Part II: Required conference scene

Below you can see the required and generated images for the conference scene using BVH traversal. The image on the left is the required one, the image in the middle is generated and the one on the right comes from TRaX.

Req Image: from assignment PDF
Required image
Req Image: my algorithm
Rendered image, CPU
Req Image: TRaX
Rendered image, TRaX

Below is the collection of TRaX outputs for this scene depending on whether I used Windows or Linux for compiling and running the simulator (see the settings after the table). Also I explored the simulation time dependency on whether using BVH or not, as well as storing edges or points in triangles.

BVH (Win)BVH (Lin)
Tri Points# instr: 1249
fps: 5677.5278
TRaX output (txt, 1 MB)
# instr: 1261
fps: 5843.0328
TRaX output (txt, 960 KB)
Tri Edges# instr: 1231
fps: 5782.2185
TRaX output (txt, 1 MB)
# instr: 1243
fps: 5956.2099
TRaX output (txt, 960 KB)

The differences from using the improved triangle intersection code are about 110fps on each system. One thing that makes me wonder is that there's about 150fps difference between Windows and Linux compiled assembly. This probably means that there are some optimizations that can still be done to extract a bit more performance out of the code.

Linux command: ./simhwrtPts --load-assembly ../LLVM_Trax/examples/project4_noInh/rt-llvm.s --model test_models/conference.obj --view-file views/conference.view --light-file lights/conference.light --num-cores 20 --num-thread-procs 32 --num-l2s 4 --num-icaches 2 --num-icache-banks 16 > ../LLVM_Trax/examples/project4_noInh/cs6965_p4_traxOut_ConEN_Lin.txt

Windows command: SimHWRTPoints.exe --load-assembly ../../llvm_trax/examples/project4_noInh/project4_noInh_rt-llvm.s --config-file ../trunk/configs/default.config --model ../trunk/test_models/conference.obj --view-file ../trunk/views/conference.view --light-file ../trunk/lights/conference.light --num-cores 20 --num-thread-procs 32 --num-l2s 4 --num-icaches 2 --num-icache-banks 16 > ../../llvm_trax/examples/project4_noInh/cs6965_p4_traxOut_ConEN_Win.txt

Extension

Besides what was outlines in the first paragraph of this assignment, there're a couple of things I've played with:
- colored refractions with the Fresnel terms (using Schlick approximation), but without nested dielectric materials. Sadly, there's a strange bug where sphere refractions don't work with TRaX triangles, but reproduced scenes in "code" work perfectly
- ability to run ./run_rt with a specified number of threads in parallel using pthreads
- jittered n x n sampling with a box filter
- procedural tile generator

Creative Image

You can see the images below. The leftmost image is the re-generation of one of my earlier scenes, but now with one sphere being refractive (with Fresnel reflection term). The middle image is showing off reflections, refractions and procedural (tile) texturing all in one scene. There are three spheres (two refractive, one reflective) and two boxes (one reflective and one refractive). One can see a lot of interesting interplay between the objects. The rightmost image is my mega image with 2,427,680 triangles coming from many standard graphics models. To make sure the reflection on the Utah Teapot was smooth, I generated it at the resolution of 204K vertices from the original Bezier patches using some MATLAB code. Output image at 5122 of the scene took about 17min to generate using 4 threads on a dual-core mobile i5 processor (including the single-threaded BVH build).

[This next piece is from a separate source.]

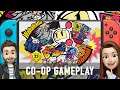 Super Bomberman R Switch Gameplay - 2 player co op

Creative Image: reflective and refractive Cornell BoxCreative Image: reflective, refractive and procedural Cornell BoxCreative Image: mega scene

Once again there were a couple of blunder images, shown below. The leftmost image shows what happens when precision errors occur during a triangle-ray intersection. The right image shows one of the cool-looking bloopers (the left sphere looks like its melting out of the wall) I generated while setting up the correct parameters for the camera location and such.

Blooper: triangle intersection bug
Triangle intersection bug
Blooper: honing in camera and materials
Camera placement
Code

Download my project 4 source(tar, 107 KB)

Updated Code

Download my updated project 4 source(tar, 152 KB) It includes the necessary TRaX and SimHWRT updates.

Time Required/Difficulty

Extending Project 3 to allow it traversing the BVH wasn't too terribly difficult. The whole endeavor took about 10 hours or so. The notes given in class were excellent for getting started.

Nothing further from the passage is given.